Chief executive Iain Abercrombie said New Zealand made 30 per cent of the strong wool traded worldwide and the price per kilo had nearly halved during the past 20
years.

"Clearly there's an unacceptable return to wool growers and that has been the case for some time," he said.

NZ Wool Services International last week said auction prices had been hit by an increase in the value of the dollar, although in overseas currency most types had been firm or increased by up to 2.5 per cent.

For some farmers wool is becoming a byproduct and shearing an animal health exercise. Sheep numbers fell 11 per cent to 34 million in the year to June, with wool exports down 4.6 per cent to 136,909 tonnes.

Wool Partners International was launched last July, combining the wool operations of PGG Wrightson with a new farmer co-operative, Wool Grower Holdings.

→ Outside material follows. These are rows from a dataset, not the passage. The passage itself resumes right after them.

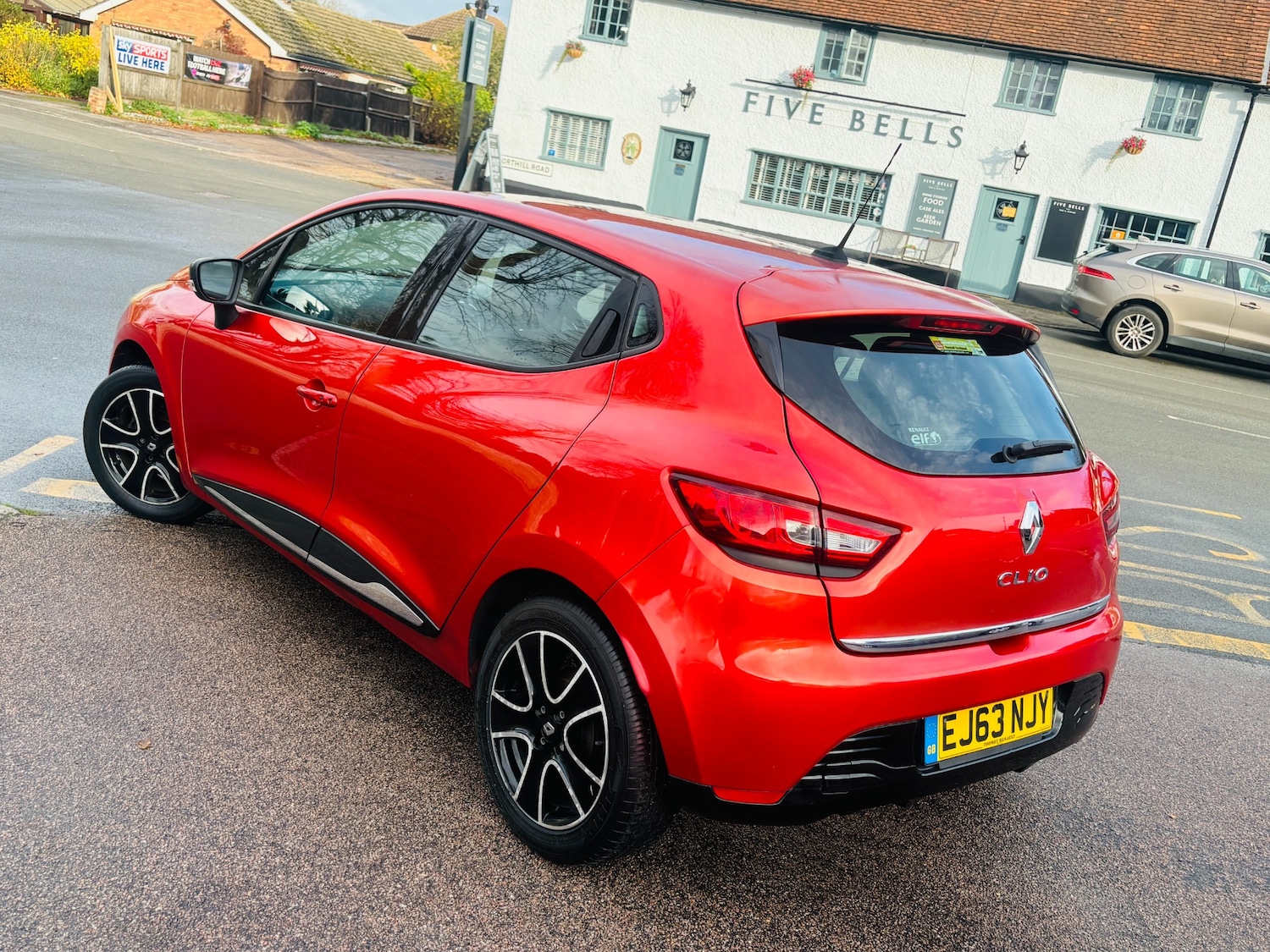 Used Renault Clio 2013 for sale - 76577369: Photo 8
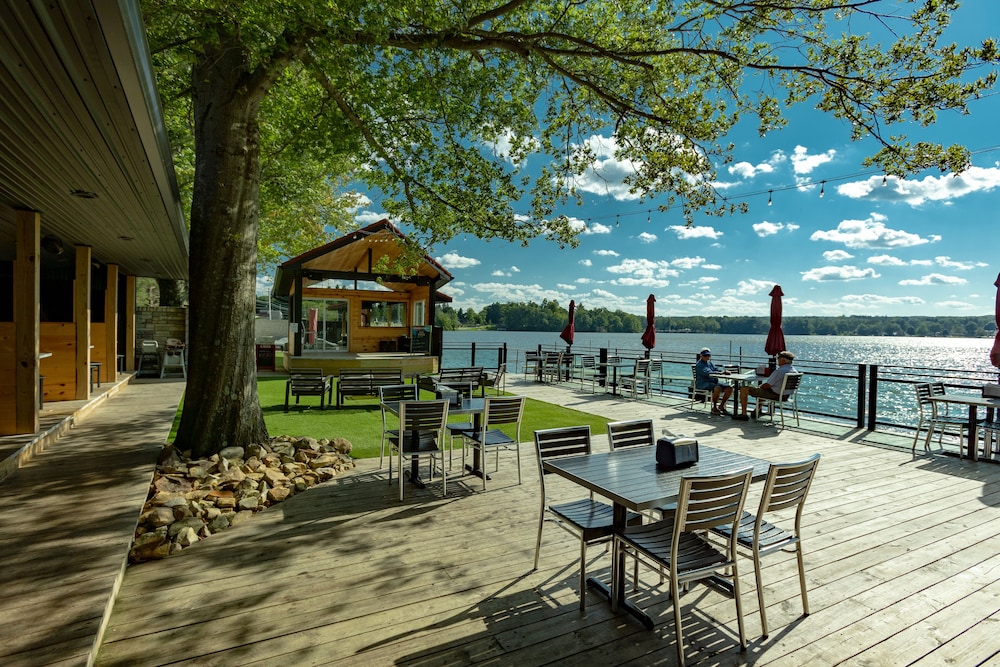 Edinboro Lake Resort Cabins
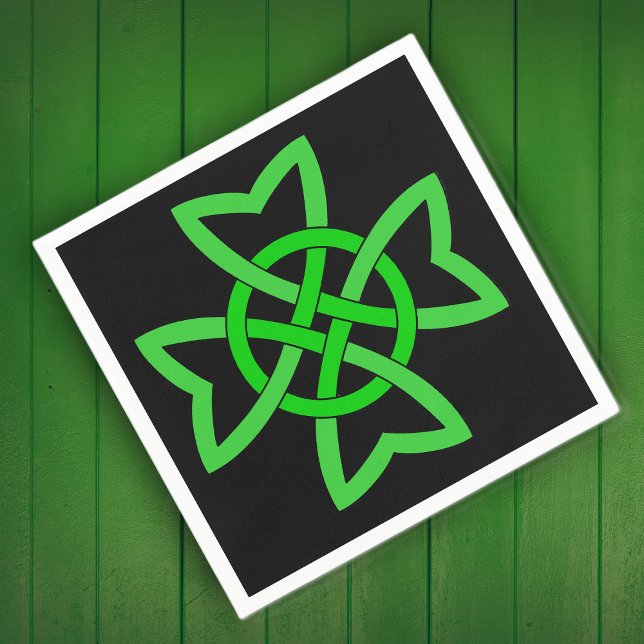 Serviette En Papier Noeud celtique vert irlandais (Green Irish looped Celtic Knot design on black on a napkin.)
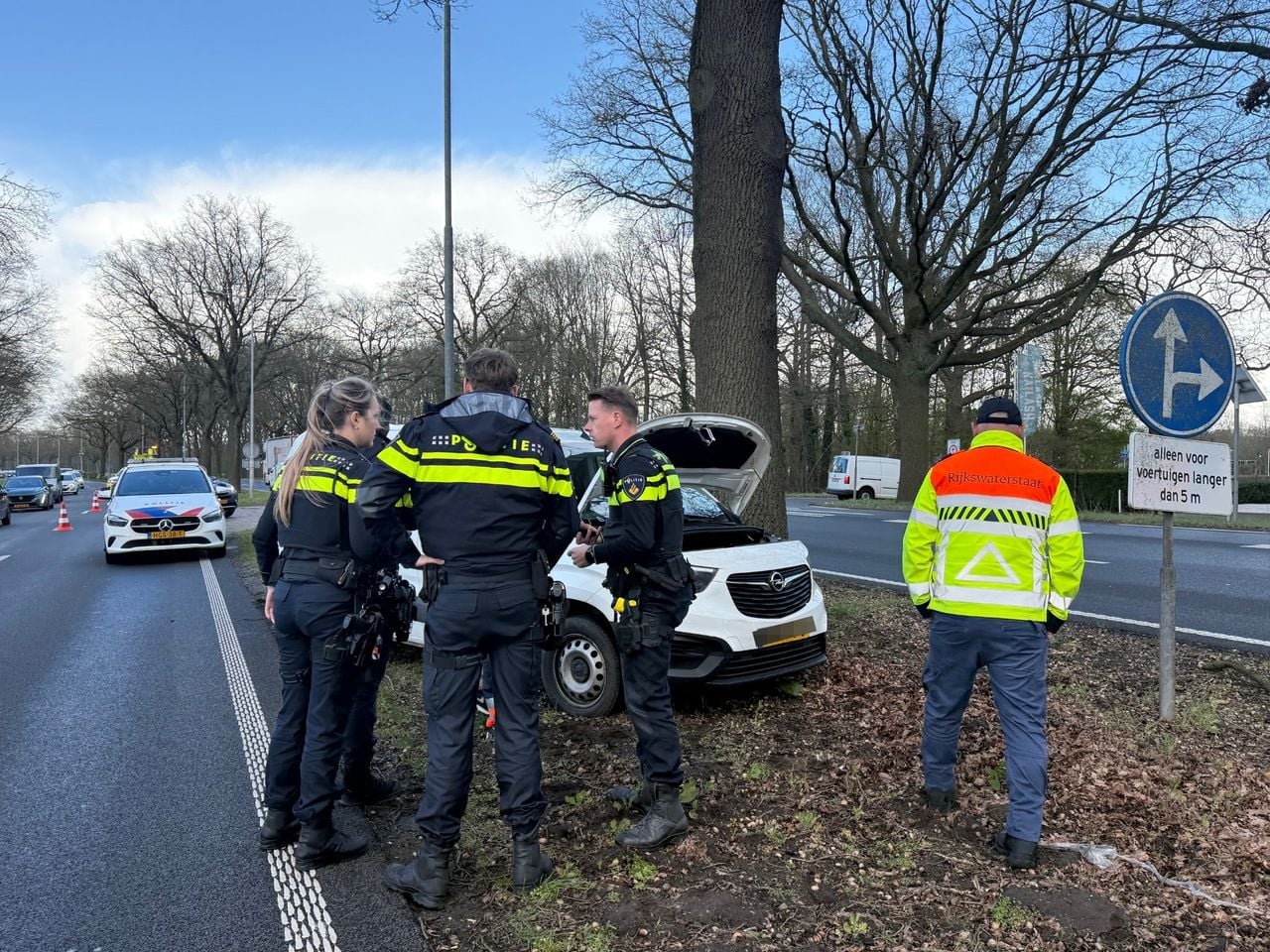 Auto met pech (foto: Bart Meesters).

The company's guiding principles were to unify growers, consolidate the clip, collaborate with the industry and innovate in the market, with strategic initiatives of an integrated supply chain, establishing a means for growers to collectivise and to develop the best marketing structure for strong wool, Abercrombie said.

"Thhe primary objective of this roadshow is to encourage the farmers to see this as an opportunity for them to effect change and the first step of that is by putting their wool through Wool Partners International," he said. "We're looking at trying to exact better prices from today but I think when you're talking 130 million kilos of wool it's going to take probably a three-year period to get everything in place to start getting strong sustainable price increases for wool."

Wool Partners hopes farmers will own half the company through Wool Grower Holdings, depending on how many choose to buy shares in the co-operative, and hold 60 per cent of the voting rights.

A prospectus for Wool Grower Holdings would be issued in the next two or three months and farmer ownership would not be limited to 50 per cent, Abercrombie said.

Agriculture Minister David Carter - who farms sheep, cattle and deer - said Wool Partners was not a silver bullet but the best option available. The company was trying to get supply commitment and the prospectus would ask farmers to leave some returns from the clip to build up a shareholding.

"I'm going to do that, personally I think it's better than where we are at the moment," he said.

Elders Rural Holdings has launched Wool Marketing Enterprises and signed a deal with major US carpet retailer CCA Global Partners to supply it directly with strong wool, with a goal of increasing returns to farmers.

Elders said it had created a simplified, more effective path to market using its procurement network, export expertise and with grower involvement through Primary Wool Co-operative.

Abercrombie said there was room for both companies in the market.

FALLING FLOCK

* Sheep numbers fell 11 per cent to 34 million in the year to last June.
* Wool exports down 4.6 per cent to 136,909 tonnes.